OCR_LoadA not possible with umlauts

Dorwol · Post by **Dorwol** » Fri Feb 24, 2012 3:10 pm

Hello!

I need very fast a bugfix!

res = OCR_LoadA(doc, FileName) will not work, if the Filename has "öäü" oder "ÖÄÜ" inside!

For example

res = OCR_LoadA(doc, "C:\Test.pdf") will work!

res = OCR_LoadA(doc, "C:\Testö.pdf") will not work!

But the biggest problem is, I need very urgend a bugfix!

CAN YOU HELP PLEASE?

Fri Feb 24, 2012 3:25 pm

Hello Dorwol,

I will pass this to Walter, and he will advise here in this topic a bit later today.

Best,
Stefan

Walter-Tracker Supp · Post by **Walter-Tracker Supp** » Fri Feb 24, 2012 5:10 pm

OCR_LoadA() only accepts ASCII strings (char*, "ascii string literal", LPSTR, CStringA, etc).

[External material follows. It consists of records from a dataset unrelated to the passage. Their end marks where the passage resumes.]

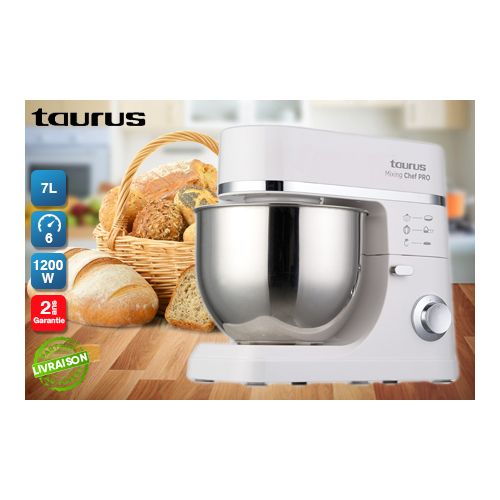 Mixeur Polyvalent Professionnel Pavoni Italia - Panier des Chefs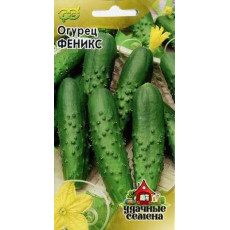 Огурец Феникс 640 Огурец Феникс 640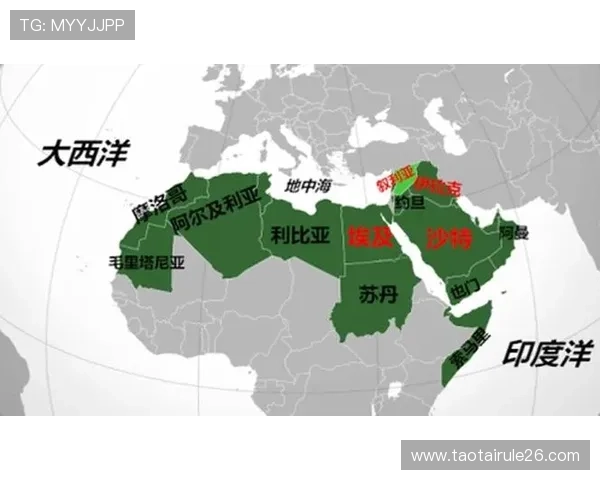 乌拉圭vs沙特比赛赔率详解：关注比赛走势与专家预测分析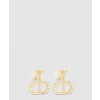 디올 Dior Tribales 귀걸이 E1654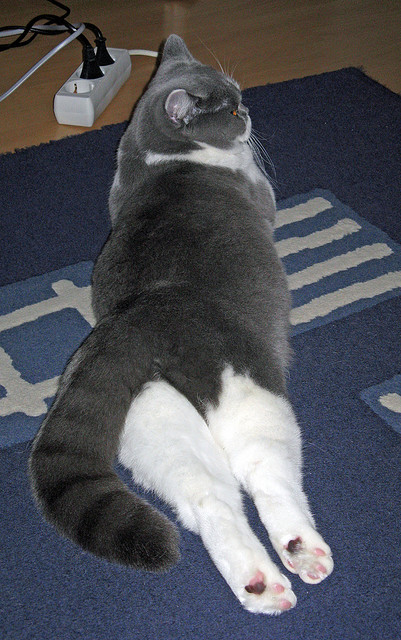 中国足球场地设施标准化方案制定完成,中国 标准足球场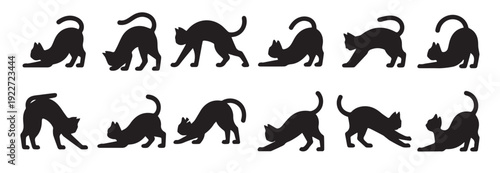 black cat stretching silhouettes collection of playful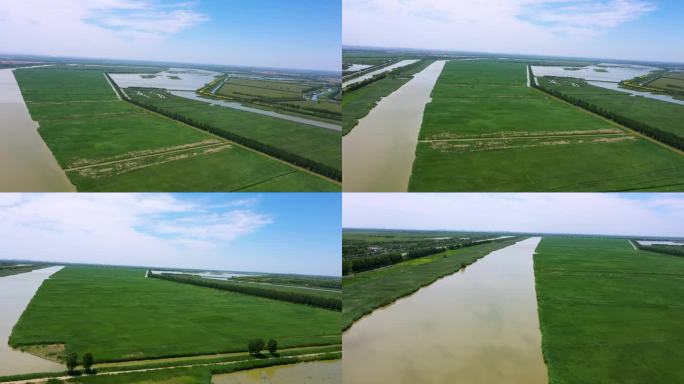 空地 生态公园 草地 航拍 绿色 种植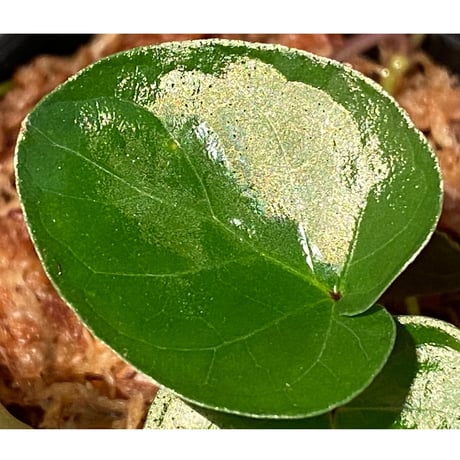 Unknown from Iquitos Peru [tanakay]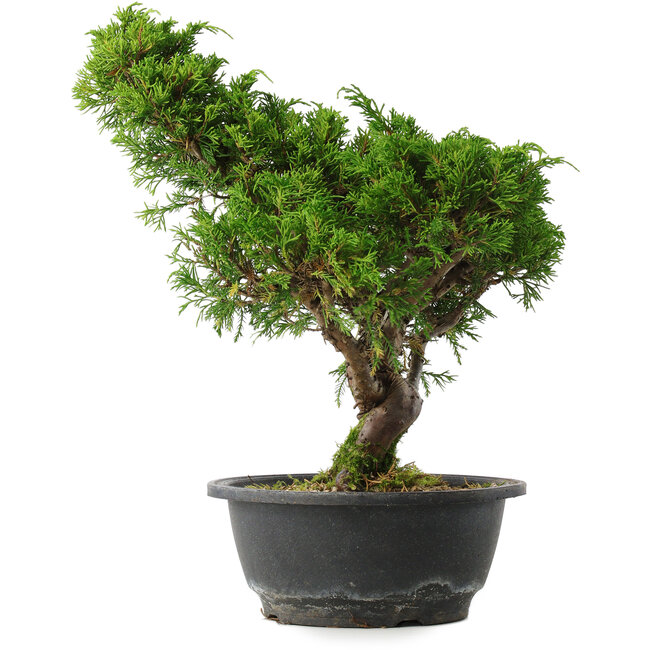 Juniperus chinensis Itoigawa, 32,5 cm, ± 15 years old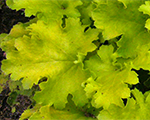 Heuchera limerickey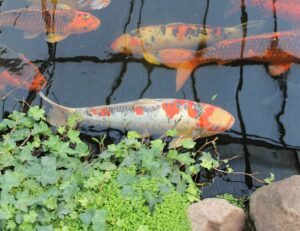 Koi Fish Care In Your Pond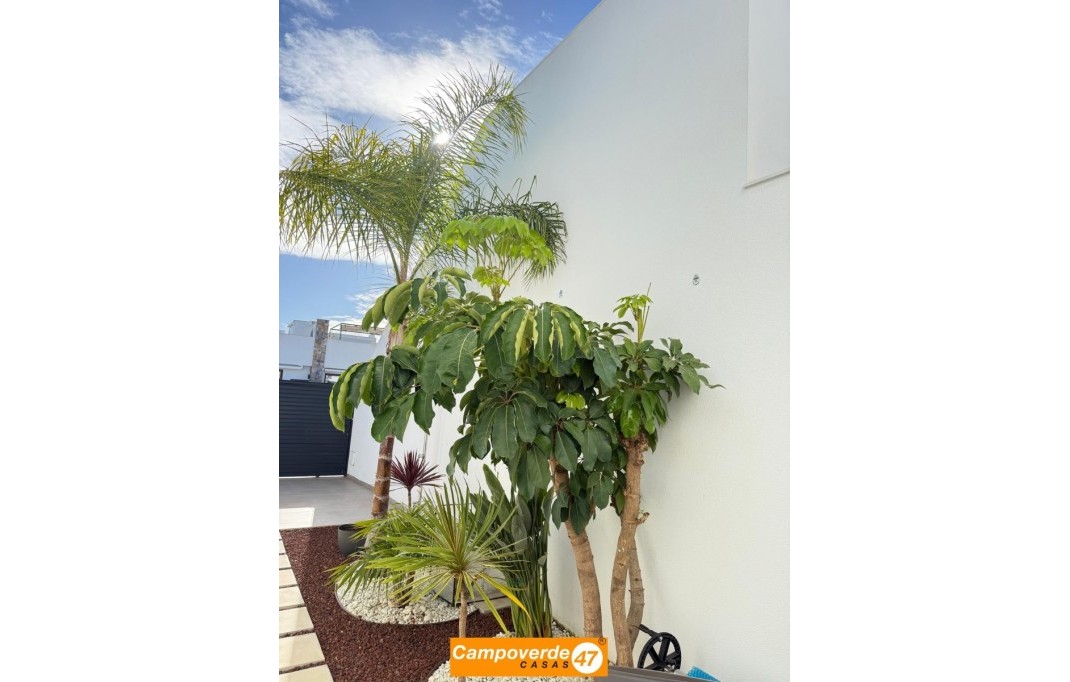 Sales - Villa / Semi semi-detached - Pilar de la Horadada - Zona Pueblo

Use OCR_LoadW() and pass the filename as a wide string (ie, L"unicodestring", or WCHAR*/wchar_t*/LPWSTR/CStringW/BSTR/etc). That will take care of your umlaut or any other unicode character.

-Walter

Walter-Tracker Supp · Post by **Walter-Tracker Supp** » Fri Feb 24, 2012 5:24 pm

BTW, if this doesn't work and you still have trouble, please email us at [email protected]. We watch the forum constantly, but an email will get our attention fastest.

-Walter

Dorwol · Post by **Dorwol** » Sat Feb 25, 2012 5:53 am

Walter-Tracker Supp wrote:Use OCR_LoadW() and pass the filename as a wide string ....That will take care of your umlaut or any other unicode character.

Thank you for this very fast help. Marvelous! And yes, this works!

...

...but...

Walter-Tracker Supp wrote:OCR_LoadA() only accepts ASCII strings

1. "Umlauts" is no Unicode. It's part of the regulary ASCII Table (for example asc("ä") is ASCII-value 228 !).
2. OCR_SaveA() from your ocrtools.dll will work with "umlauts"

So why does SaveA works but LoadA does not?
3. All your other components will work with "umlauts".

...so I am a little bit uncertain whether this is really correct.

Mon Feb 27, 2012 11:16 am

Hello Dorwol,

There are a myriad of ASCII variants, and the ASCII value interpreted at your end as "ä" could be a Greek Sigma (Σ) (Windows 1253), or the letter "д" in a Cyrillic version of the codetable (Windows-1251).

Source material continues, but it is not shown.